To summarize, higher-order functions provide an inversion of control, which is a form of dependency inversion. We can easily use them with lambda expressions. The other thing to note with the dependency inversion principle is that the abstraction that we depend upon doesn’t have to be aninterface. Here we’ve relied upon the existing Stream as an abstraction over raw reader and file handling. This approach also fits into the way that resource management is performed in functional languages—usually a higher-order function manages the resource and takes a callback function that is applied to an open resource, which is closed afterward.
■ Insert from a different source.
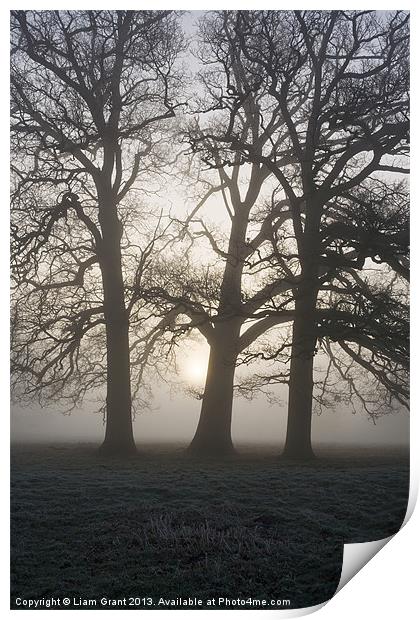 Sunrise behind trees in fog. Hilborough, Norfolk Print by Liam Grant
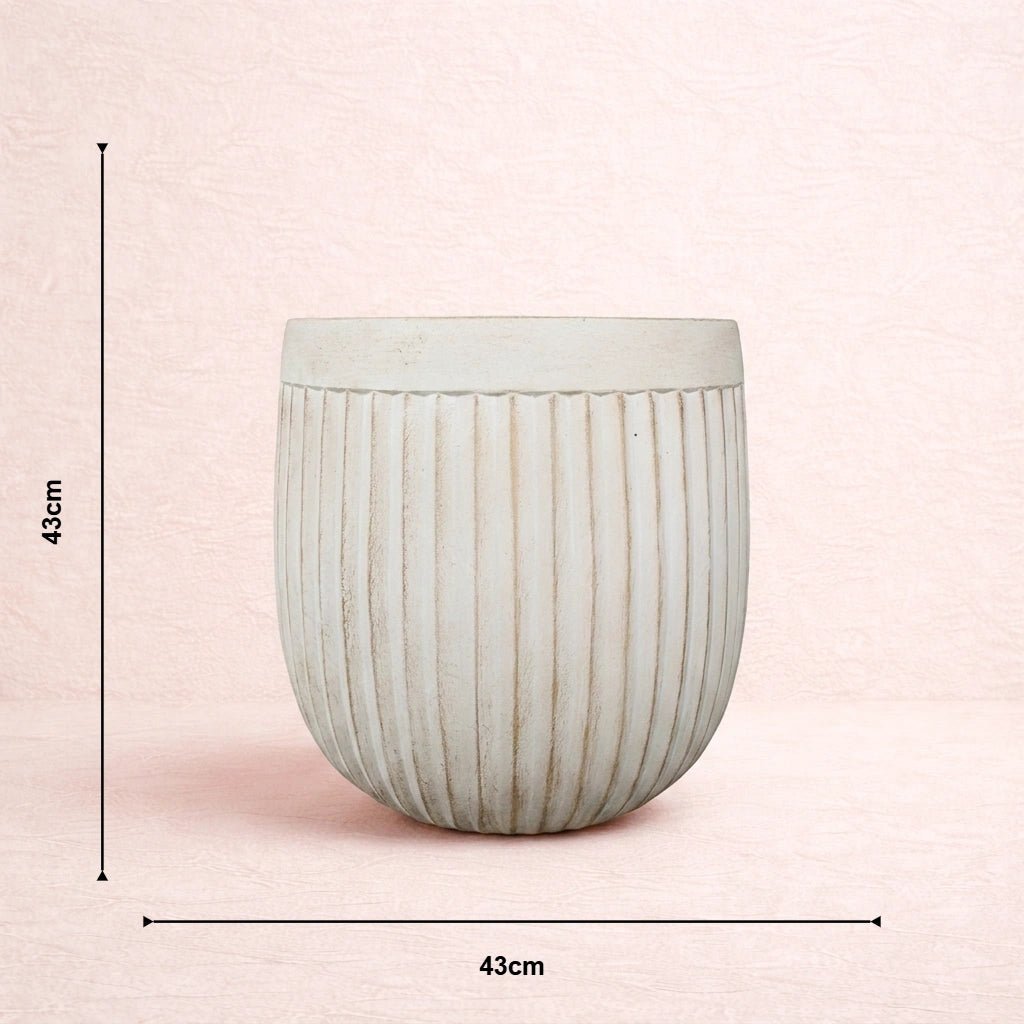 Reed Planter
In fact, if lambda expressions had been available at the time, it’s arguable that the try-with-resources feature of Java 7 could have been implemented with a single library function.

Further Reading

A lot of the discussion in this chapter has delved into broader design issues, looking at the whole of your program rather than just local issues related to a single method. This is an area that we’ve just touched the surface of due to the lambda expressions focus of this book. There are a number of other books covering related topic areas that are worth investigating if you’re interested in more detail.

The SOLID principles have long been emphasized by “Uncle” Bob Martin, who has both written and presented extensively on the topic. If you want to osmose some of his knowledge for free, a series of articles on each of the principles is available on the Object Mentor website, under the topic “Design Patterns.”

If you are interested in a more comprehensive understanding of domain-specific languages, both internal and external, Domain-Specific Languages by Martin Fowler with Rebecca Parsons (Addison-Wesley) is recommended reading.

Key Points

§ Lambda expressions can be used to make many existing design patterns simpler and more readable, especially the command pattern.

§ There is more flexibility to the kind of domain-specific languages you can create with Java 8.

§ New opportunities open up for applying the SOLID principles in Java 8.